◆ **Data for the task**:
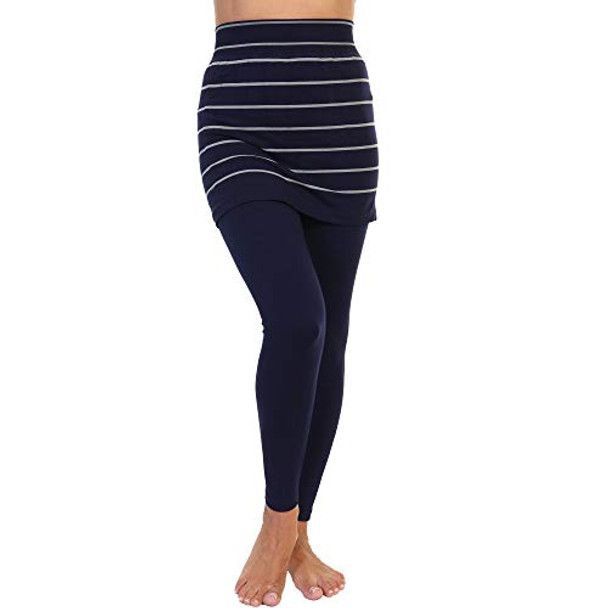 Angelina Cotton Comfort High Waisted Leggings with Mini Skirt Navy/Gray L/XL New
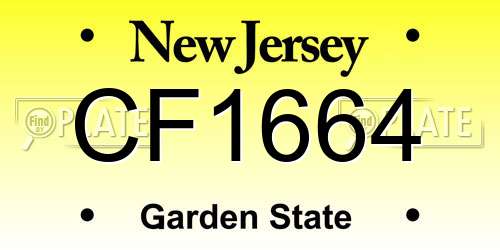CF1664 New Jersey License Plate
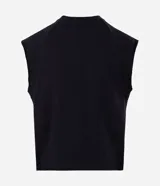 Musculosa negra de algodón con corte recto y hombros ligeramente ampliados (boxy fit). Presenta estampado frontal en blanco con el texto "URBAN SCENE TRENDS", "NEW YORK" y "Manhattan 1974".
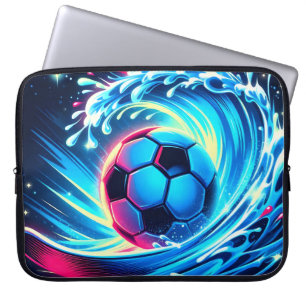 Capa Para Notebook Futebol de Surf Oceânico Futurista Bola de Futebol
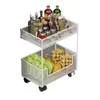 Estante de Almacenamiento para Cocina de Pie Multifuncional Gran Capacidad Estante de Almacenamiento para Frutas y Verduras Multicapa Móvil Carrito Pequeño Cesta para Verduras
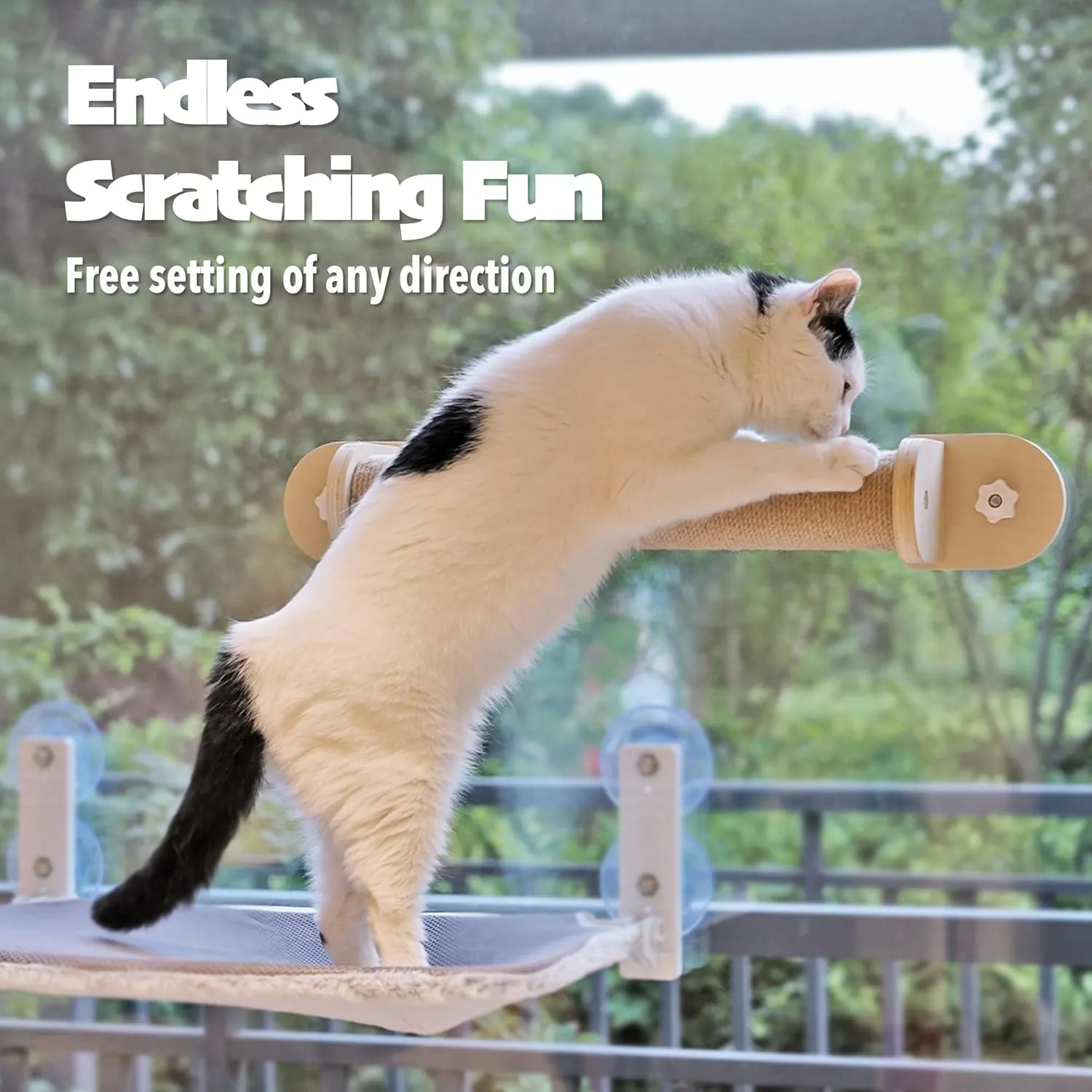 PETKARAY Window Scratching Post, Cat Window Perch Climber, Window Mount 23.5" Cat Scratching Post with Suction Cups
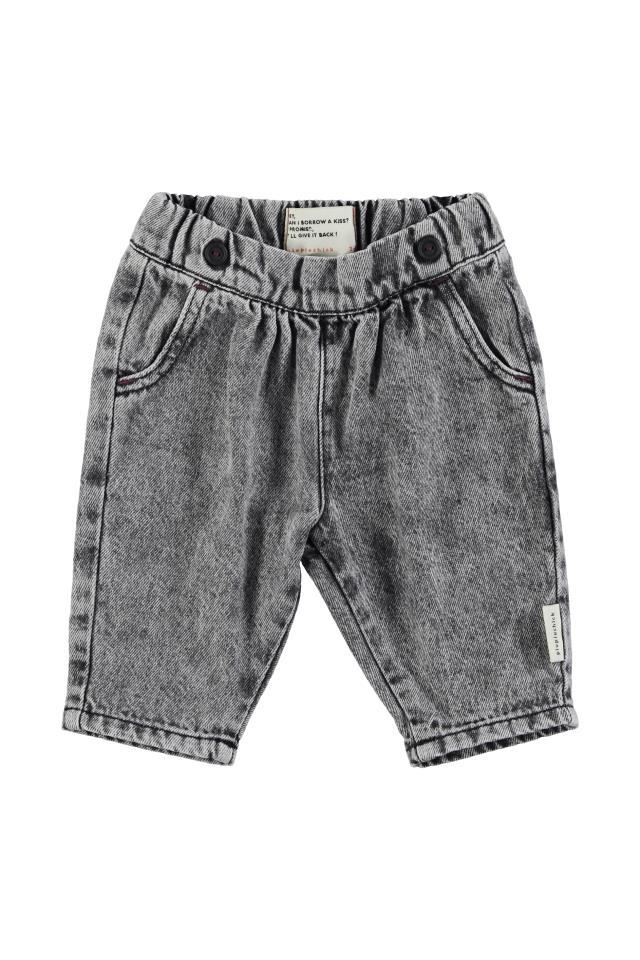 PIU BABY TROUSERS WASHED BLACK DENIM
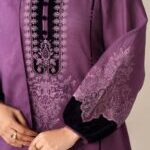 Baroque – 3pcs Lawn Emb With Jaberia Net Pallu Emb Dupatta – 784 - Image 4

◆ **Task prompt**: Working from the lines above, reproduce the material exactly and exclude its pictures.

◆ **Solution for this problem**:
 Angelina Cotton Comfort High Waisted Leggings with Mini Skirt Navy/Gray L/XL New
CF1664 New Jersey License Plate
 Musculosa negra de algodón con corte recto y hombros ligeramente ampliados (boxy fit). Presenta estampado frontal en blanco con el texto "URBAN SCENE TRENDS", "NEW YORK" y "Manhattan 1974".
 Capa Para Notebook Futebol de Surf Oceânico Futurista Bola de Futebol
 Estante de Almacenamiento para Cocina de Pie Multifuncional Gran Capacidad Estante de Almacenamiento para Frutas y Verduras Multicapa Móvil Carrito Pequeño Cesta para Verduras
 PETKARAY Window Scratching Post, Cat Window Perch Climber, Window Mount 23.5" Cat Scratching Post with Suction Cups
 PIU BABY TROUSERS WASHED BLACK DENIM
 Baroque – 3pcs Lawn Emb With Jaberia Net Pallu Emb Dupatta – 784 - Image 4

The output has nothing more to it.